A leaked memo from Delta’s Associate General Counsel Alexander Van der Bellen dated June 17, 2015 to the Department of Transportation announces that Delta will relinquish rights to its coveted Tokyo Haneda slot on October 1, 2015 and will only continue to offer daily service to Tokyo Haneda through the end of September. Delta then plans to return to Haneda slot used for Seattle service to the DOT to allow for reallocation to another carrier.
In the memo to the DOT, Delta mentions a number of reason why the airline is returning the time slot to the DOT
- Delta claims that Haneda is a seasonal market and without dormancy rights which were revoked under the Department in Order 2015-6-14, the route is no longer financially viable.
- Delta lacks a Japan airline partner to provide connectivity beyond Haneda to points in Japan and other countries in Asia
- Delta is under intense pressure at Haneda due to the American/JAL and United/ANA joint ventures
- Time constraint of the slots arrival and departure times
Delta’s memo to the DOT is not groundbreaking or even surprising, as the airline complains about everything that every other US airline, except Hawaiian grumbles about: bad landing and departure times. Yet, despite Delta complaints about not having a Japanese partner, a Japanese partner would hardly make a difference as the landing times used by all U.S. airlines limit onward connections beyond Tokyo Haneda. Regardless of not having a partner in Japan, any US airline operating under the current time restrictions will have to rely on Origin/Destination traffic and not connecting traffic. Furthermore, I find Delta’s complaint to be somewhat hysterical, as Delta is claiming Tokyo to be a seasonal market. Mind you Tokyo is the world’s largest metropolitan economy and has a GDP that tops 1.9 trillion dollars! There’s no way that Tokyo is a seasonal market, as business demand is extremely high. The problem is the flight timing and the overcapacity in the Tokyo market.
What will happen to the Tokyo Haneda Slot
Under the DOT ruling last March, the Haneda slot will be transferred to American Airlines to be used for service from Los Angeles. Rohan explained in details the previous DOT ruling in details and examined the application by Hawaiian and American to serve Haneda in the last spat between the airlines and the DOT for Haneda. Under the last ruling, if Delta cedes Seattle to Haneda route or operates less than daily service year round, American will be awarded the HND slot.
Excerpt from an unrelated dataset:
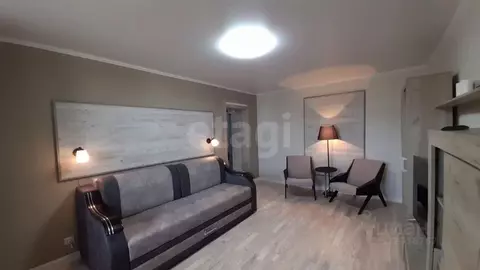 1-к кв. Орловская область, Орел Костомаровская ул., 5 (38.0 м)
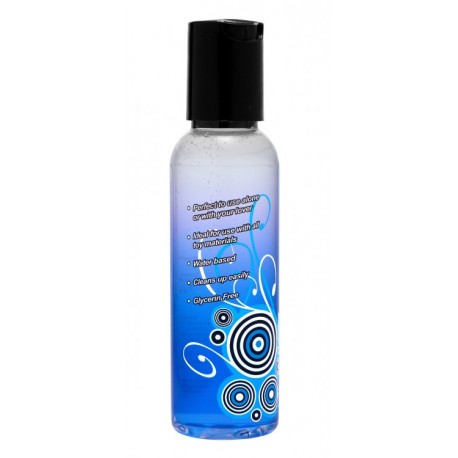 Passion Natural Water-Based Lubricant 2oz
In American Airlines petition to the DOT, American claimed they would use a Boeing 777-200 to serve Haneda year round from Los Angeles. The plan is to shift the current flight from Narita to the downtown airport (Haneda) and adjust the departure and landing times to fit the time slot restriction for Haneda operations.
OneWorld and American Airline frequent flyers should not celebrate this as a win for the airline, as the shift to Haneda will restrict connection on OneWorld partner JAL beyond Tokyo and further restriction viable options to fly beyond Japan on AA and OneWorld Partners. This is a win for Tokyo travelers, but not for American Airline and OneWorld Southern California flyers who already have some of the most limited access to China, the rest of Asia and Transpacific flights. I personally am not happy about the transition to Haneda from Tokyo Narita and hope that American Airline will rethink this change.